Mais n'importe, je pardonnais à Marie ses paroles cruelles: ne les avais-je pas provoquées? N'avais-je point déçu et joué vilainement cette maîtresse tant aimée, devant qui j'eusse voulu vivre prosterné? Ainsi le lazzarone des quais de Naples qui, ayant donné des sous faux à la «Santissime» qu'il adore, lui pardonne secrètement ensuite tous les fléaux dont elle l'accable, la maudite!


L'automne n'est d'abord qu'un sourire un peu plus triste du ciel. Puis tout s'attendrit, et la nature s'abandonne, comme Phèdre frappée d'amour. Une feuille se détache et tournoie, les autres suivront...

—«Voici la mauvaise saison, dit l'abbé Duregard.

—Pourquoi mauvaise? L'automne produit des fruits, des crépuscules et des émotions: nous inaugurons la période des troubles.

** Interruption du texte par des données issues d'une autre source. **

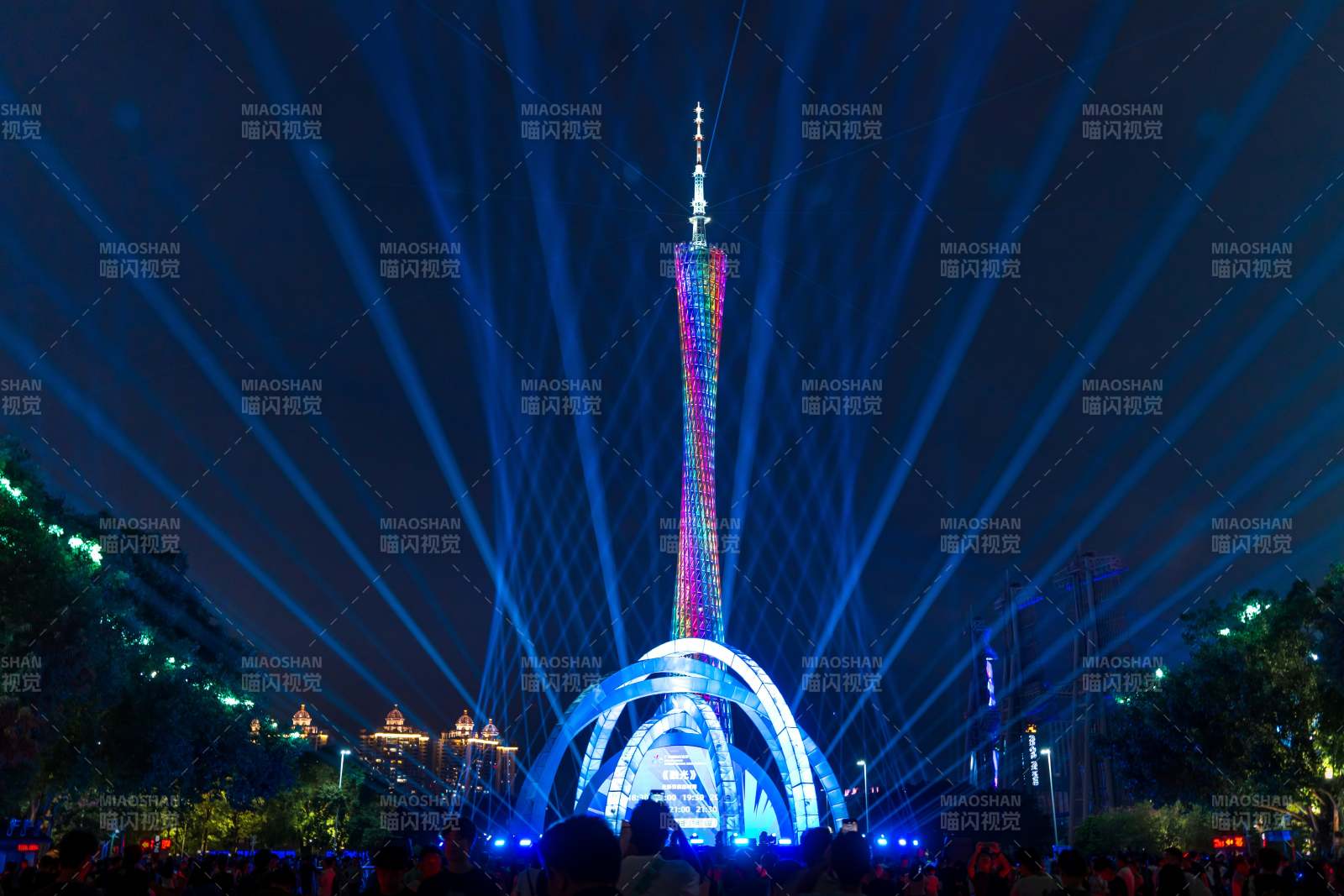 广州塔夜景灯光秀图片
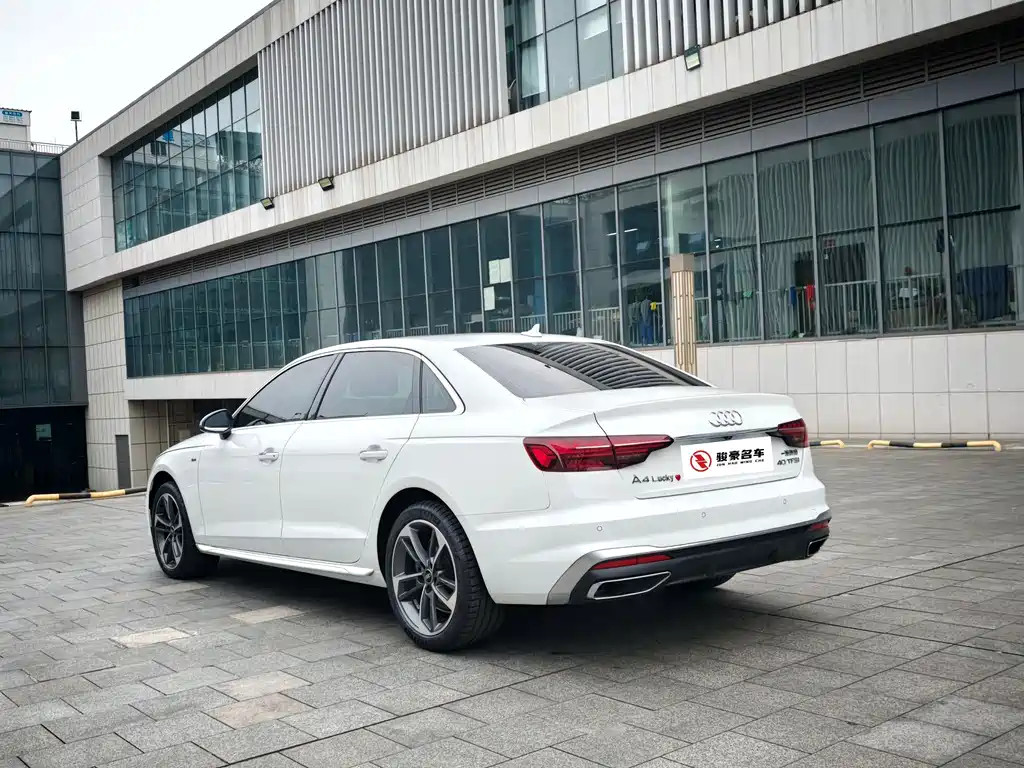 Audi A4L 2025 — фото 19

Quand les bois se rouillent, les cœurs battent plus vite, et vous savez bien, vous qui avez des pénitentes, que les chemins tapissés d'or mènent à la perdition. C'est-à-dire que tous les confessionnaux devraient être enguirlandés de feuilles mortes et de vigne vierge.

—Dans les paroisses riches, il est vrai que l'automne met les âmes en péril, et je ne sais pourquoi.

—On fait de la langueur, comme on fait en hiver de la bronchite.